To speed up these times we can apply the same parallelization method to prepare the next batch while it's training the previous one which is already in use for skin_lesion_classification. I will do it asap.

jflich commented 3 years ago

Thanks Laura,

anyway, I do not think doing this parallelization method will solve the issue. You can overlap but only the few miliseconds it takes to do the forward...

I think the problem is with the efficiency of the data augmentation process... Are you using OpenMP to parallelize the data augmentation kernels?

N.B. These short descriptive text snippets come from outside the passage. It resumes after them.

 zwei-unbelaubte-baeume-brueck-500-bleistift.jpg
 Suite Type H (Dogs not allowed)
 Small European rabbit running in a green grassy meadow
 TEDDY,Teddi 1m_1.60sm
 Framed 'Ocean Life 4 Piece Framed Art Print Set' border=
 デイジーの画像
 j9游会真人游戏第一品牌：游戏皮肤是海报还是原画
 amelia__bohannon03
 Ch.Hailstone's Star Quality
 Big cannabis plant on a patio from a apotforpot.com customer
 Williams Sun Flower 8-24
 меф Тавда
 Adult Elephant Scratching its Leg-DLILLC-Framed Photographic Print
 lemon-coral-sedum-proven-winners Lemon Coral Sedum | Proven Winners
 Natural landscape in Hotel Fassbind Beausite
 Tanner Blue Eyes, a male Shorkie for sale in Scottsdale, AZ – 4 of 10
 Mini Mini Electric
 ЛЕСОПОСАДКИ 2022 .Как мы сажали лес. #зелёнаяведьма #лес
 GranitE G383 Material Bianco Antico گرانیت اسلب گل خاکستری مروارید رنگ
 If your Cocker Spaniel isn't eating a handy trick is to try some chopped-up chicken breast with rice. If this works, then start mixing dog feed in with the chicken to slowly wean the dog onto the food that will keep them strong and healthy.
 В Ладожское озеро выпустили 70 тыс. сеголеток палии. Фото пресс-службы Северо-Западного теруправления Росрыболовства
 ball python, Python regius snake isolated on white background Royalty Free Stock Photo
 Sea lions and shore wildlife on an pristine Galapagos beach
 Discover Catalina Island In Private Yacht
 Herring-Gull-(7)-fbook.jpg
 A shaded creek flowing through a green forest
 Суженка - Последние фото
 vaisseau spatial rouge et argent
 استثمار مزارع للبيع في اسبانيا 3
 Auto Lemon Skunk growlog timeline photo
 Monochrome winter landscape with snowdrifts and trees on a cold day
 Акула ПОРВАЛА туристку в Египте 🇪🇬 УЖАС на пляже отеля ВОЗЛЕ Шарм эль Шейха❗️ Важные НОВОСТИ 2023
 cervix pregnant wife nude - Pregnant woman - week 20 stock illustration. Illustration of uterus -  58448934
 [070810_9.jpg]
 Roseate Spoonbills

lauracanalini commented 3 years ago

It speeds up a lot actually, because it simultaneously prepares a number of batches equal to the number of "producers" that are specified in the DataGenerator. I did some tests by changing from ful_mem to low_mem in the toGPU EDDL method, so that I could have bigger batches and these are the results:

batch_size = 1: total time with the old version: 785.996s
                mean LoadBatch: 1.195s
                mean forward: 71.440ms
batch_size = 1: total time with parallelization: 164.204s
                mean LoadBatch: 0.125118s
                mean forward: 76.1899ms

batch_size = 12: total time with the old version: 726.96s
                 mean LoadBatch: 13.9563s
                 mean forward: 226.325ms
batch_size = 12: total time with parallelization: 158.91s
                 mean LoadBatch: 2.34495s
                 mean forward: 223.744ms

batch_size = 48: total time with the old version: 690.207s
                 mean LoadBatch: 55.3276s
                 mean forward: 670.4336ms
batch_size = 48: total time with parallelization: 167.77s
                 mean LoadBatch: 14.0762s
                 mean forward: 693.699ms

I'm going to push these changes to the pipeline.